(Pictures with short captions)
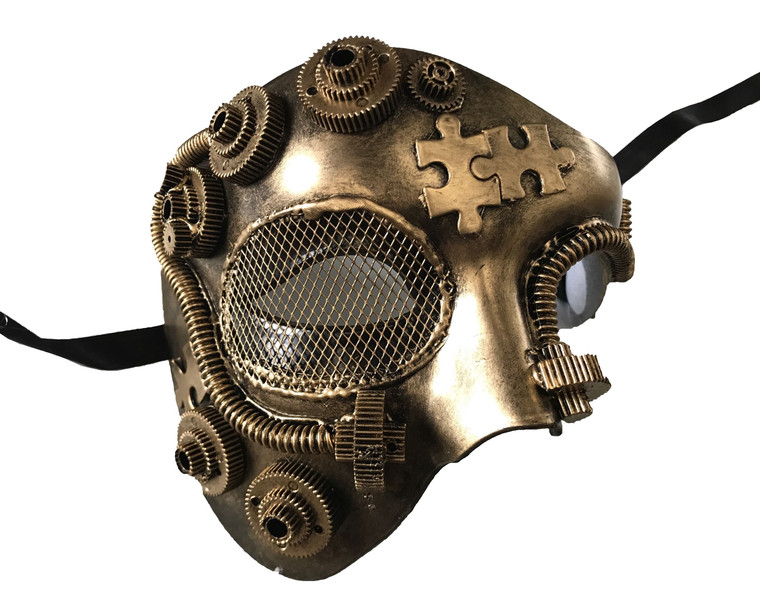 Steampunk Science Fiction Fantasy Gold Male Mens Costume Half Mask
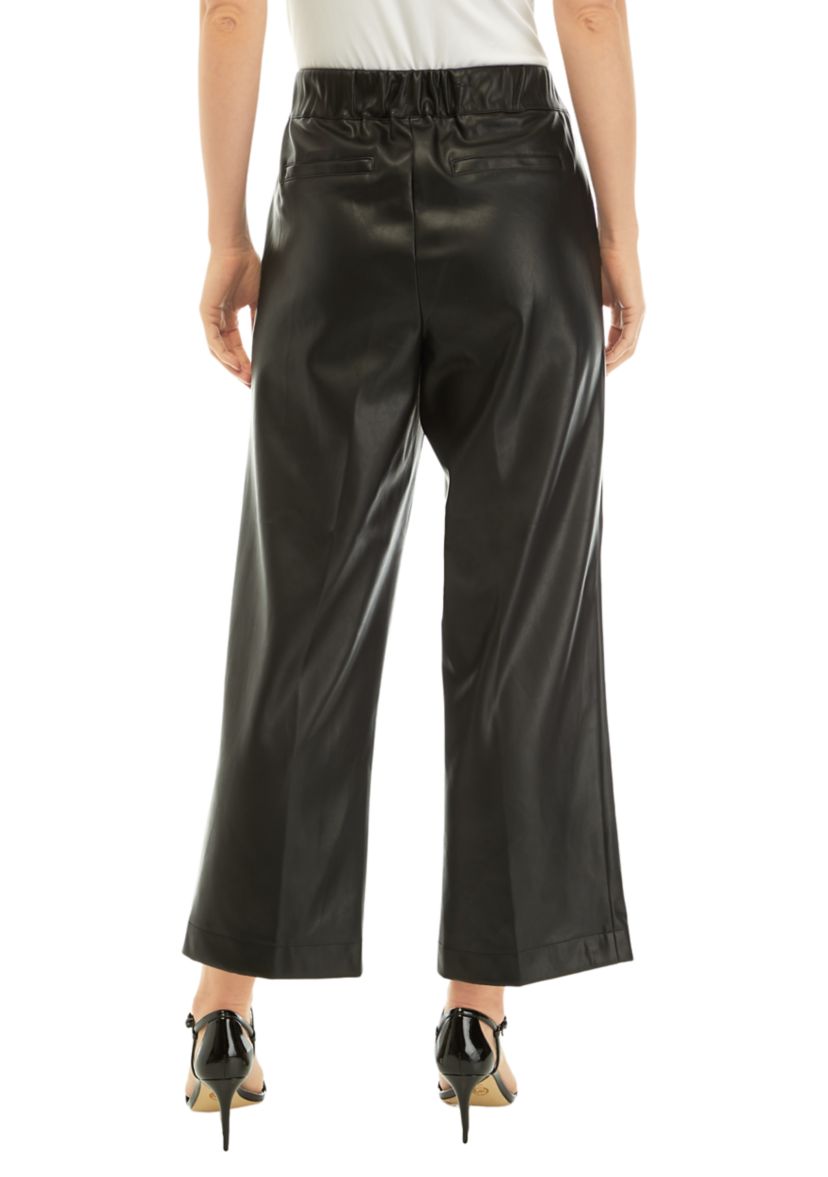 Womens Faux Leather Wide Leg Pants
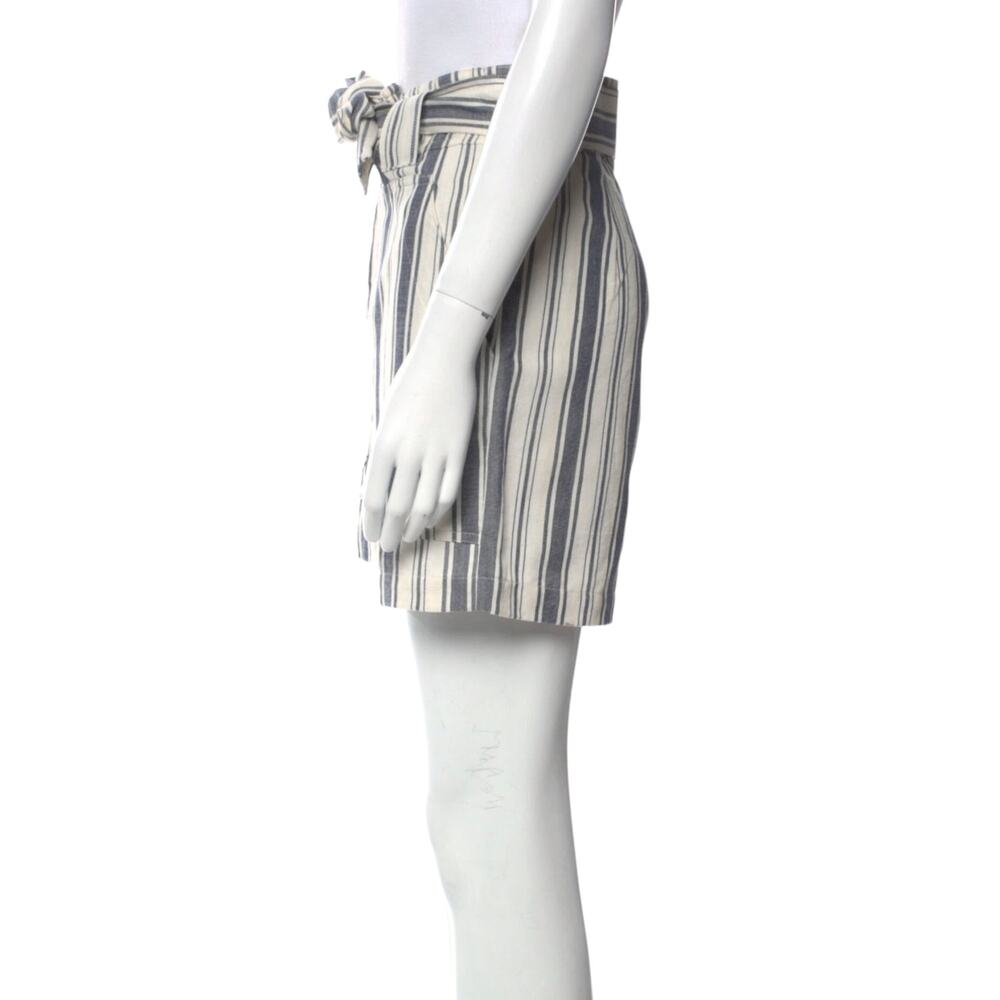ALIX OF BOHEMIA Malia striped belted woven cotton shorts in blue ecru Size Small - Picture 2 of 7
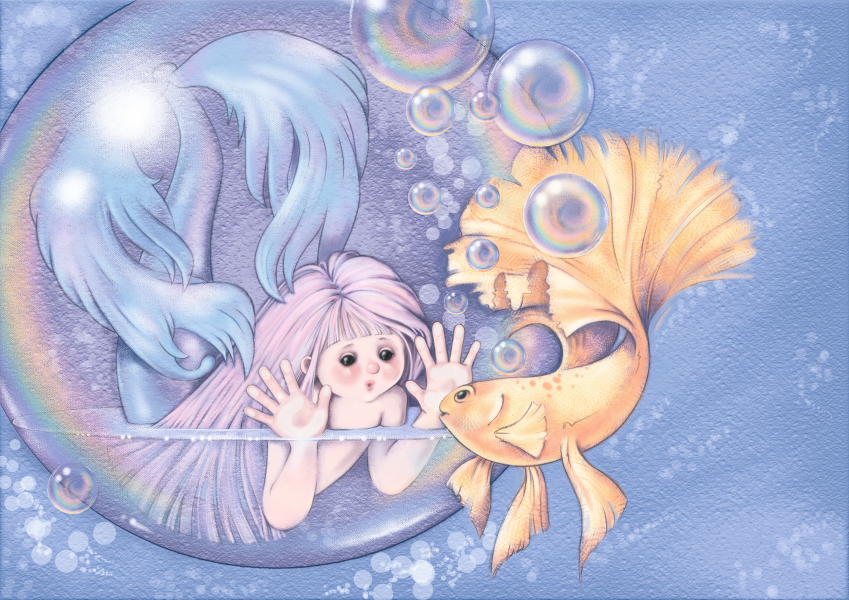 Mermaid inside bubble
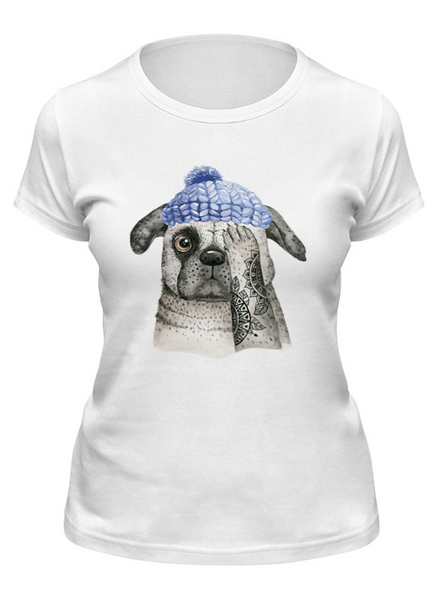 Заказать женскую футболку в Москве. Футболка классическая Собака от THE_NISE  - готовые дизайны и нанесение принтов.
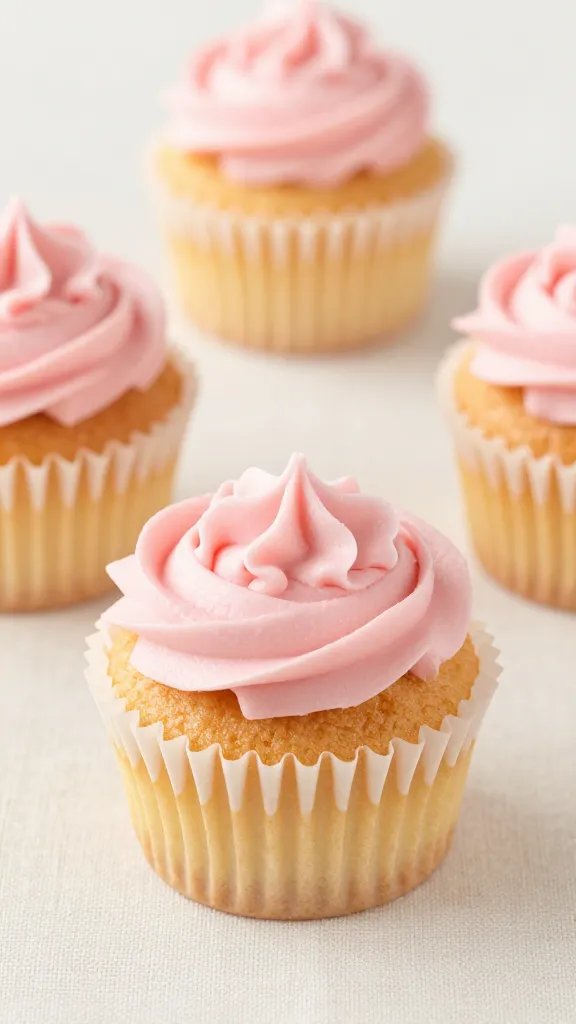 closeup pastel pink cupcakes on textured tablecloth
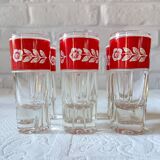 6 vintage red and white flower decorated liqueur glasses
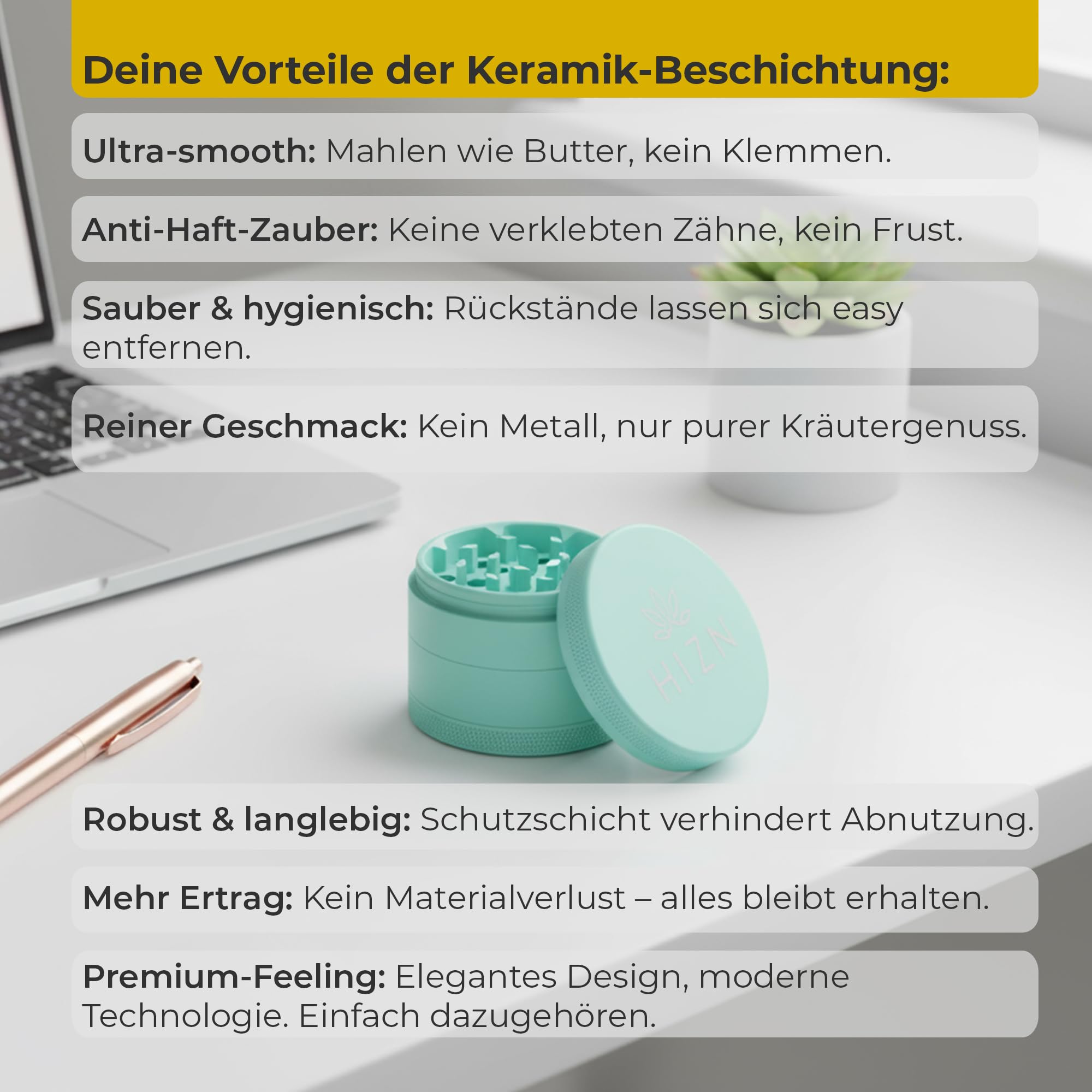 Keramik Grinder 4-teilig Ø 63mm, Premium Grinder mit Nano-Beschichtung, Metall Crusher Kräutermühle, Antihaft & langlebig, inkl. Zubehör-Set (Mint)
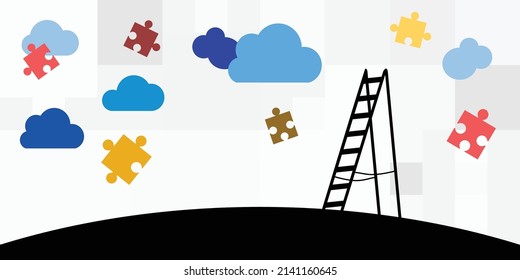 vector illustration of ladder and clouds and jigsaw puzzle pieces for collaboration concept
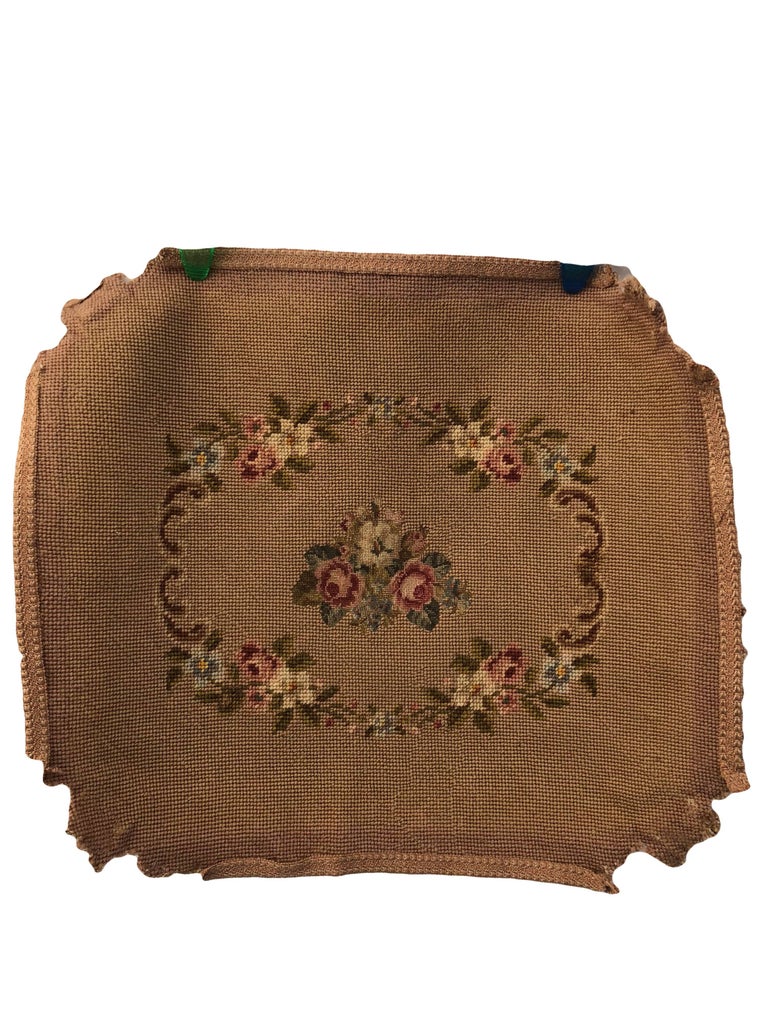 Antique French Needlepoint Pillow or Chair Covers, Floral Designs, Set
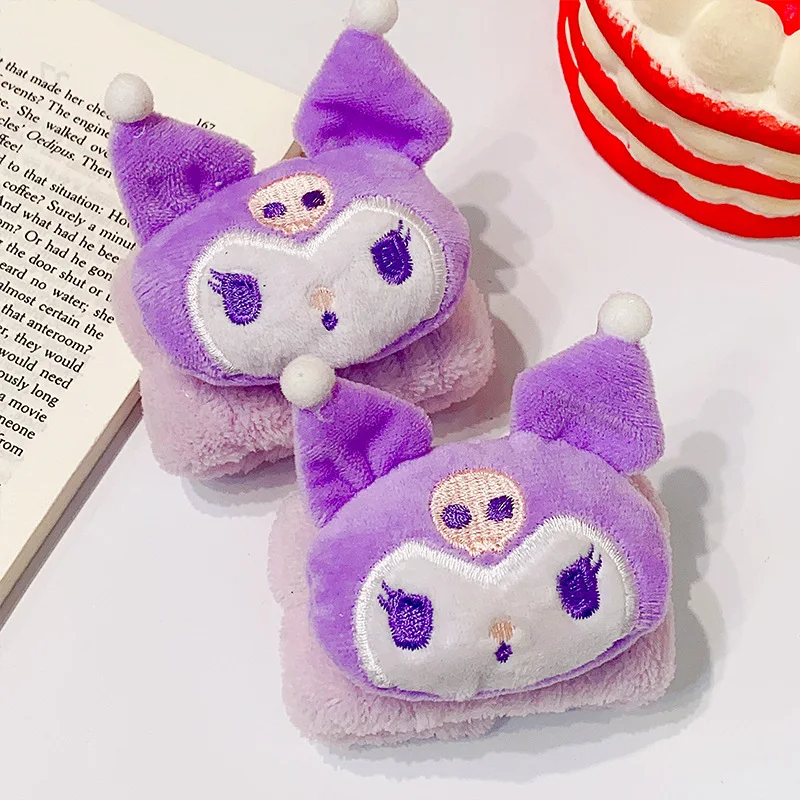 DHF178 New  Kuromi Cinnamoroll Doll Bow Hair Clip Girl Cartoon Melody Pompom Purin Hairpin Outdoor Clip Hair Accessories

#### [Problem to work on]
Pictures must be left out of the answer, which should be exactly the lines from the one holding "vector illustration of" through the last line of the entries above, both included; please add nothing.

#### [Answer for the task]
 vector illustration of ladder and clouds and jigsaw puzzle pieces for collaboration concept
 Antique French Needlepoint Pillow or Chair Covers, Floral Designs, Set
 DHF178 New  Kuromi Cinnamoroll Doll Bow Hair Clip Girl Cartoon Melody Pompom Purin Hairpin Outdoor Clip Hair Accessories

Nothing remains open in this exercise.